◆ Problem to work on ◆
Word for word, please copy the line containing "LuxeGreen 3lü Valiz" and all lines after it in the entries below, and only those, leaving every picture out.

Web page caption snippets

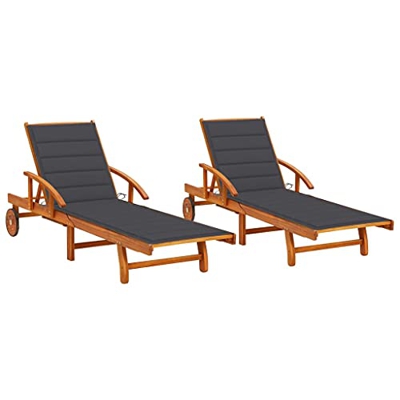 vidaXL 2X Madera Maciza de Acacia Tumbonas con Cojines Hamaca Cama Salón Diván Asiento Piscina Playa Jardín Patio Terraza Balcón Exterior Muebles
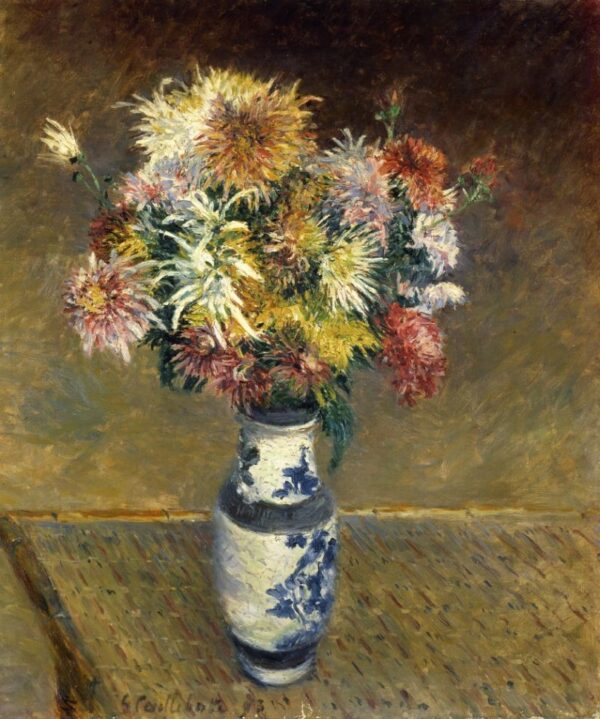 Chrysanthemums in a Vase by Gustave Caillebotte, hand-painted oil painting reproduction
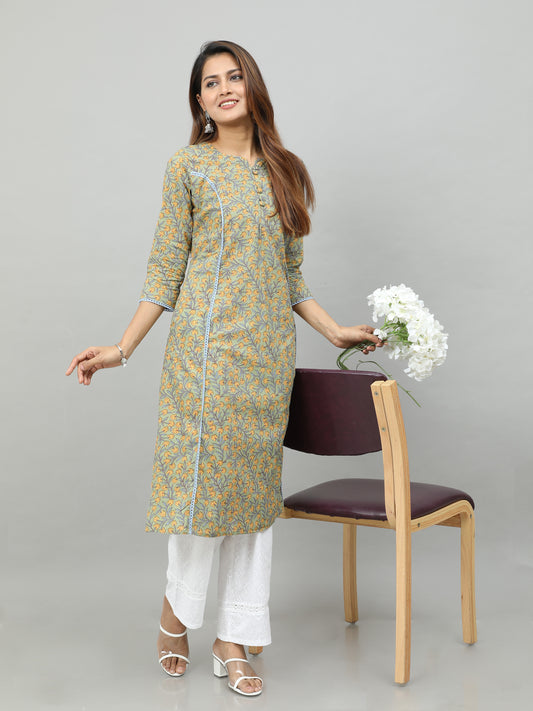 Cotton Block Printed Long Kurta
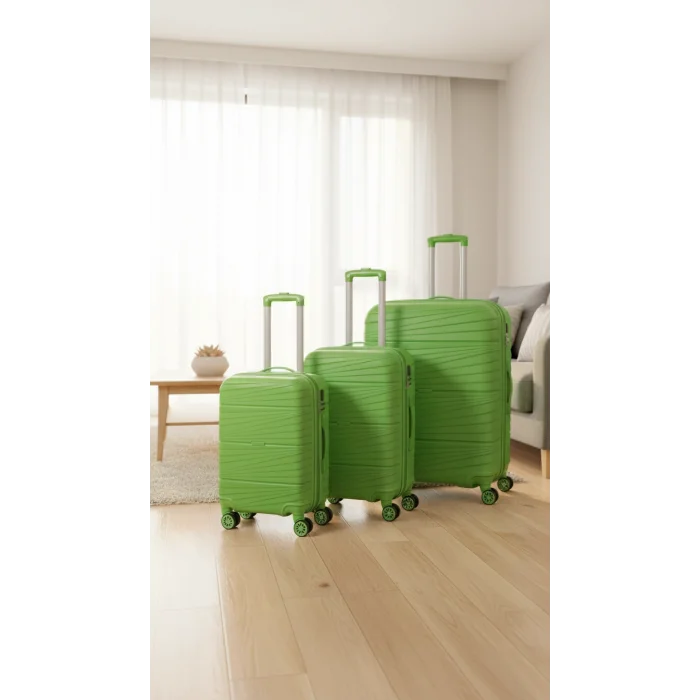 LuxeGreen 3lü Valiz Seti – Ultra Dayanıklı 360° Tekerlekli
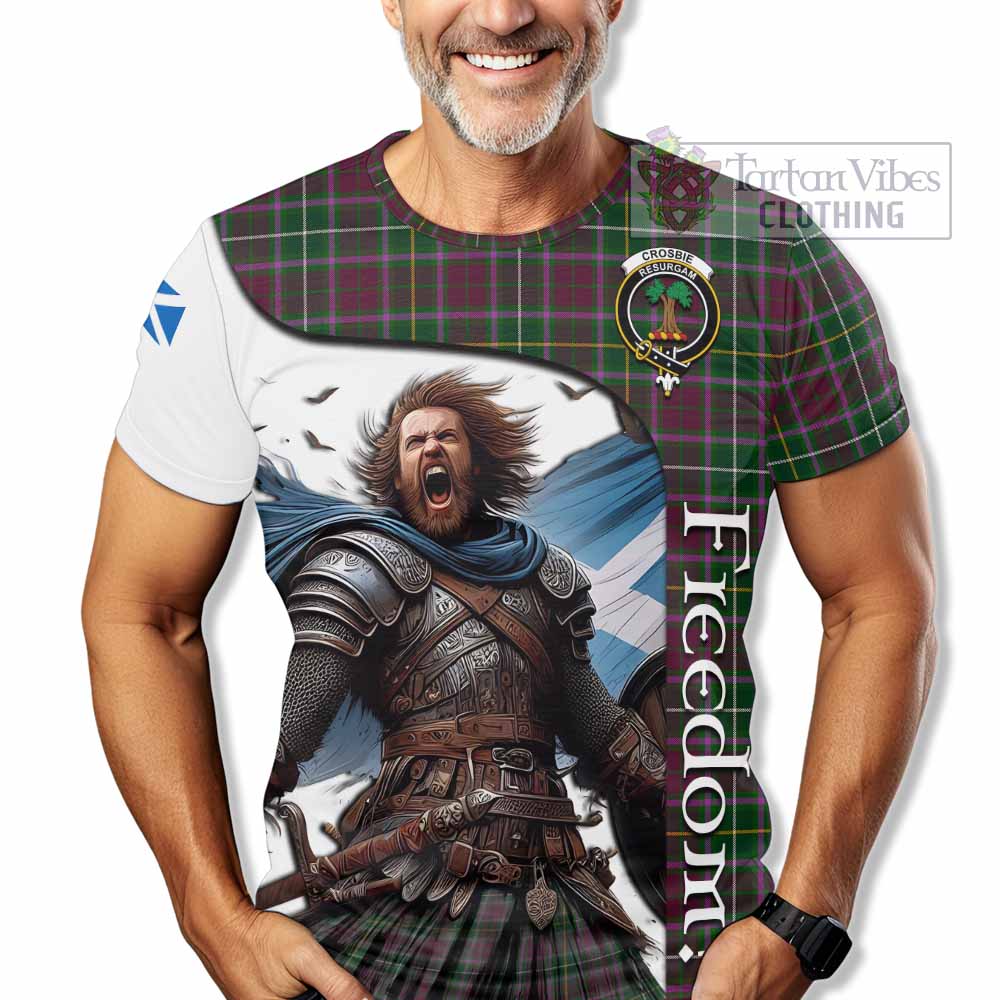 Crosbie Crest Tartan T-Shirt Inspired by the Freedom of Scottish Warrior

◆ Solution to the exercise ◆
 LuxeGreen 3lü Valiz Seti – Ultra Dayanıklı 360° Tekerlekli
 Crosbie Crest Tartan T-Shirt Inspired by the Freedom of Scottish Warrior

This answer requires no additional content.